How to Use PCA in Python

09/12/2021

Contents

In this article, you will learn how to use PCA in Python.

How to Use PCA

Principal Component Analysis (PCA) is a widely used technique for dimensionality reduction and feature extraction in machine learning. In Python, you can use PCA with the scikit-learn library.

Here’s a simple example of how to apply PCA to a dataset:

from sklearn.decomposition import PCA
import numpy as np

# Load your dataset into a numpy array
data = np.array([[-1, -1], [-2, -1], [-3, -2], [1, 1], [2, 1], [3, 2]])

# Create a PCA object with the number of components you want to keep
pca = PCA(n_components=1)

# Fit the PCA model to your data
pca.fit(data)

# Transform the data to the first principal component
data_pca = pca.transform(data)

# You can access the explained variance ratio for each component
print(pca.explained_variance_ratio_)

In this example, we use PCA to reduce the data from 2 dimensions to 1 dimension, while retaining as much information as possible. The explained variance ratio tells us what percentage of the total variance in the data is explained by each component.

In PCA, the goal is to transform the original variables into a new set of uncorrelated variables, called “principal components”, which explain the maximum amount of variation in the data. The first principal component is the direction that explains the largest amount of variance in the data, and each subsequent component explains the largest amount of remaining variance while being orthogonal to the previous components.

The scikit-learn implementation of PCA uses Singular Value Decomposition (SVD) to perform the transformation. The fit method computes the eigenvectors and eigenvalues of the covariance matrix of the data, and the transform method projects the data onto the new principal component axes.

The n_components parameter controls the number of principal components to keep. If n_components is set to None (the default), all components will be kept, and the transformed data will have the same number of columns as the original data. If n_components is set to a value k, the transformed data will have k columns and will retain k principal components, which explain the largest amount of variance in the data.

After fitting the PCA model, you can access the explained variance ratio using the explained_variance_ratio_ attribute. This can be useful to understand how much information is retained by each principal component and to decide how many components to keep.

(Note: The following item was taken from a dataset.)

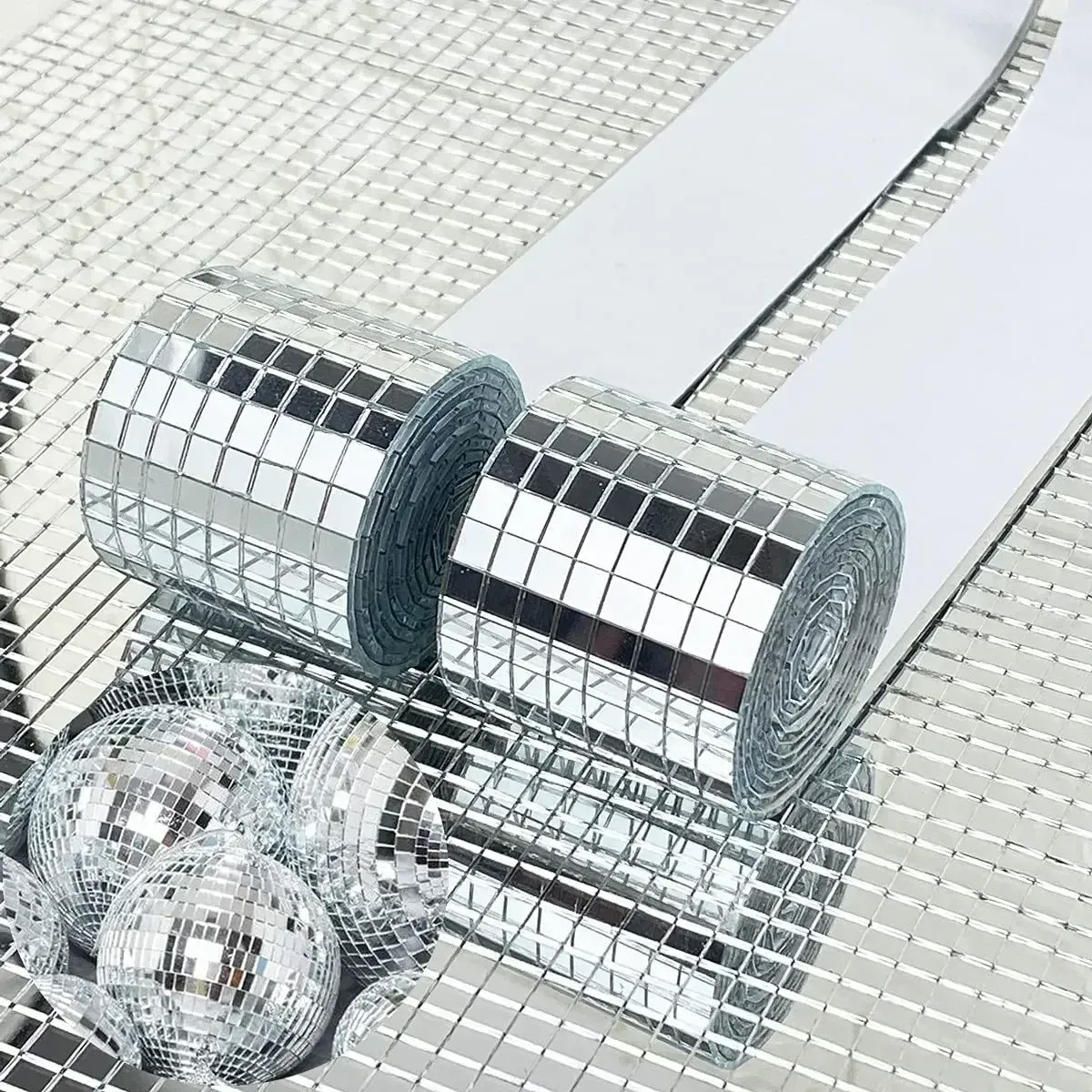 Mosaïque miroir carrée en verre installée sur un mur intérieur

It’s worth noting that PCA is sensitive to the scaling of the features, so it’s usually a good idea to standardize the data before applying PCA. You can use the StandardScaler class from scikit-learn to do this:

from sklearn.preprocessing import StandardScaler

# Standardize the data
scaler = StandardScaler()
data_scaled = scaler.fit_transform(data)

# Apply PCA to the scaled data
pca = PCA(n_components=1)
pca.fit(data_scaled)
data_pca = pca.transform(data_scaled)